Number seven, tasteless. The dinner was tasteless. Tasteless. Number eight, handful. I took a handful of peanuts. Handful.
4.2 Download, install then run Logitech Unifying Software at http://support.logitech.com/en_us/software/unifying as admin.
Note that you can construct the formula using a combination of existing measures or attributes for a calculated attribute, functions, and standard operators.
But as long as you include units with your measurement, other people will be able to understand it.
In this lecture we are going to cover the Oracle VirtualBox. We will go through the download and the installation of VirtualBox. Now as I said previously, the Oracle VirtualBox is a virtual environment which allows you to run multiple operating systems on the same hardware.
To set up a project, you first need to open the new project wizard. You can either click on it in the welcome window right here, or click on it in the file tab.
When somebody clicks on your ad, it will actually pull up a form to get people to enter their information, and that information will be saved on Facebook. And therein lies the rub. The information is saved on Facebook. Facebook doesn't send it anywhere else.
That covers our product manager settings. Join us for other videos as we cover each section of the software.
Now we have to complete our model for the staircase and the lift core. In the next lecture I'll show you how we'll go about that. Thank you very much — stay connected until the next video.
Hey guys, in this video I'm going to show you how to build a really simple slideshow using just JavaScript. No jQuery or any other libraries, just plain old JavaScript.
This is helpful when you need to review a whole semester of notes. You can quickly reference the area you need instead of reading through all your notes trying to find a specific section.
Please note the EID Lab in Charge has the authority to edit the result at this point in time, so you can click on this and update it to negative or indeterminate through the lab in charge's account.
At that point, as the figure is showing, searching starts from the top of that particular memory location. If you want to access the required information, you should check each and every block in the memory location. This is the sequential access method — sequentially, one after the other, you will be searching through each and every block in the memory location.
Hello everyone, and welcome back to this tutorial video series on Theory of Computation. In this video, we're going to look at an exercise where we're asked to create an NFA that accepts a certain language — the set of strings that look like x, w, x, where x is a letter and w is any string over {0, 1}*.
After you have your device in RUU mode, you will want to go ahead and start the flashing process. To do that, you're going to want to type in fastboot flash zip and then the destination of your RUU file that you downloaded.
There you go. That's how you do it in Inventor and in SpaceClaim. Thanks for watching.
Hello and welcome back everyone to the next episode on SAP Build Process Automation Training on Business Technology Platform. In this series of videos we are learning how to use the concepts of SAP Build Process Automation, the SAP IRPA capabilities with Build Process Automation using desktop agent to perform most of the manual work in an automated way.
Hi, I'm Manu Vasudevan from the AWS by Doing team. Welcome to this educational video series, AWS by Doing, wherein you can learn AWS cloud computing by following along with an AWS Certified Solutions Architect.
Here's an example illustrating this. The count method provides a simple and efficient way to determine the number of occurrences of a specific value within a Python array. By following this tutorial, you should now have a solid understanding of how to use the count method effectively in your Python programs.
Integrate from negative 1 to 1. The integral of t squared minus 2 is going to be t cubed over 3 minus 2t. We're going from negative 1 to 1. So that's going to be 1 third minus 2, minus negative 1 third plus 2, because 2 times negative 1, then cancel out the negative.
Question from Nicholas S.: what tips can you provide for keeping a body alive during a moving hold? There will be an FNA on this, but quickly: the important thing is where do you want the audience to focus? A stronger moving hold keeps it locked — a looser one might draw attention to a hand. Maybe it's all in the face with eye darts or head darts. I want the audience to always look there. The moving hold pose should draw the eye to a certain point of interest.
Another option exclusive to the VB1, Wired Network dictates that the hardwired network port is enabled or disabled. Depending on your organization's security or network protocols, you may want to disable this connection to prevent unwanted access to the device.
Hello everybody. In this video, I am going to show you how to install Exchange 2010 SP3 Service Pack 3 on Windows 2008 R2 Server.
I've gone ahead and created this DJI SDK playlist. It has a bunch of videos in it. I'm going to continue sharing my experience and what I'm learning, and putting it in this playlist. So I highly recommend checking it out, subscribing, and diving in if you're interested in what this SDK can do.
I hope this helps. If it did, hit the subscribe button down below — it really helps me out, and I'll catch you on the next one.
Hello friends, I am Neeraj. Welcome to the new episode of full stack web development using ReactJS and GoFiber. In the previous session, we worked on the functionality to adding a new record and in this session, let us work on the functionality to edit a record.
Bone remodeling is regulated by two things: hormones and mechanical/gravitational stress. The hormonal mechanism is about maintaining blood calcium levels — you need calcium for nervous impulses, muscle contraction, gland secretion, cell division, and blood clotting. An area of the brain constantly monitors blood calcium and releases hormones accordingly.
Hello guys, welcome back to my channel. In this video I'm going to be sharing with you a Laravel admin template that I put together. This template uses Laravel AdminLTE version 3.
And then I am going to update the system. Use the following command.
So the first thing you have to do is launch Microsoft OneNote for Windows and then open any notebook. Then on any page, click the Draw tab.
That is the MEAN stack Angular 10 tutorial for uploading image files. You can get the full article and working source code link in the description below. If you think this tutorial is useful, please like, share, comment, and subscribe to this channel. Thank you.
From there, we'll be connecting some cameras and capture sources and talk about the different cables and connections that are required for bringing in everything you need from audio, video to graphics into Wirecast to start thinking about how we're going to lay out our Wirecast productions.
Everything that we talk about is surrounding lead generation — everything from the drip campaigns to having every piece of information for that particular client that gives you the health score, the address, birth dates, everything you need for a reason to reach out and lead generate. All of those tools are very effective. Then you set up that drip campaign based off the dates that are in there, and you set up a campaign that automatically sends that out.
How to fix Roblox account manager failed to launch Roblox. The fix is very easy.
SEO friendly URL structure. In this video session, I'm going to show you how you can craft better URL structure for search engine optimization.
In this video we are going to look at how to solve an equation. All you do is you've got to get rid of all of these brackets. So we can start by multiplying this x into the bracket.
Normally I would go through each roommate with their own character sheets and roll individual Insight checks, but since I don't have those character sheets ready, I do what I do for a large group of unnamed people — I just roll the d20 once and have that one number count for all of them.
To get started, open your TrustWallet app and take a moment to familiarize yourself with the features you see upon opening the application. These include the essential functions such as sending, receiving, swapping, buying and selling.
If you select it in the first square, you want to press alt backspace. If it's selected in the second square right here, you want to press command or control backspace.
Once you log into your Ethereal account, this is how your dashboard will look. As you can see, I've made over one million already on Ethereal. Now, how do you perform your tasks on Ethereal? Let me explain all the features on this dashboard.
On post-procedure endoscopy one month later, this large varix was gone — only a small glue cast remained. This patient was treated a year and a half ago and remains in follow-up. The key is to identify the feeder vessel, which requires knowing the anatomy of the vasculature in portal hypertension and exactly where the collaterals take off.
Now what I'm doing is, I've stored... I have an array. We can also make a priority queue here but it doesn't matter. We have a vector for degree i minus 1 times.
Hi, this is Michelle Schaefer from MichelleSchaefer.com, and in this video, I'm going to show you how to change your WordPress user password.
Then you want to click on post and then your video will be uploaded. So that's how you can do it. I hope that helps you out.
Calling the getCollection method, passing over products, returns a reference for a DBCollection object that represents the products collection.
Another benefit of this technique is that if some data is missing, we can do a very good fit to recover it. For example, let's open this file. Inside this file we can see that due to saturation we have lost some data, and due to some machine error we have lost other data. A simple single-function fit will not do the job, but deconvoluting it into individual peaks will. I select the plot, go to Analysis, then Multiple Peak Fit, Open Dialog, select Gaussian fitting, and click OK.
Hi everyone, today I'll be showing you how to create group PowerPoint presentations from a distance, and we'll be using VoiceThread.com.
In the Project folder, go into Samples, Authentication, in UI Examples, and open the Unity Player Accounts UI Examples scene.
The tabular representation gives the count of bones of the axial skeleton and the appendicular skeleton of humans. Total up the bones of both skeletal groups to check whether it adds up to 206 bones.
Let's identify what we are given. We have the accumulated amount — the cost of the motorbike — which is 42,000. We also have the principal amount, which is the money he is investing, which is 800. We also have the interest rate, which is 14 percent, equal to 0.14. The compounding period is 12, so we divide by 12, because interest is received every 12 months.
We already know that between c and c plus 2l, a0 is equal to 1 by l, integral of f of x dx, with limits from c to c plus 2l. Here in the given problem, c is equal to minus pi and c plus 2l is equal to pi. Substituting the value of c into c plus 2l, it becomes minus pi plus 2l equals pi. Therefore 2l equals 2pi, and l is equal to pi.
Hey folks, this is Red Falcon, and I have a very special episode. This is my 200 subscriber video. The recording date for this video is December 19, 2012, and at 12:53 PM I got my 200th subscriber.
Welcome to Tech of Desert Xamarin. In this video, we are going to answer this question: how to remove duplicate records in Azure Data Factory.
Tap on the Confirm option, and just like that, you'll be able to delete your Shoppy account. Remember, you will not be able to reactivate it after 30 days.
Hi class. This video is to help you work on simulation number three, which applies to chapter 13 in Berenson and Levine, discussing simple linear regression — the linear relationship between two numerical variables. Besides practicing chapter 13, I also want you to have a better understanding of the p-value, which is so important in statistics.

**Work to complete**
Return every line of the material in which the word "already" is found.

**Answer to this exercise**
Once you log into your Ethereal account, this is how your dashboard will look. As you can see, I've made over one million already on Ethereal. Now, how do you perform your tasks on Ethereal? Let me explain all the features on this dashboard.
We already know that between c and c plus 2l, a0 is equal to 1 by l, integral of f of x dx, with limits from c to c plus 2l. Here in the given problem, c is equal to minus pi and c plus 2l is equal to pi. Substituting the value of c into c plus 2l, it becomes minus pi plus 2l equals pi. Therefore 2l equals 2pi, and l is equal to pi.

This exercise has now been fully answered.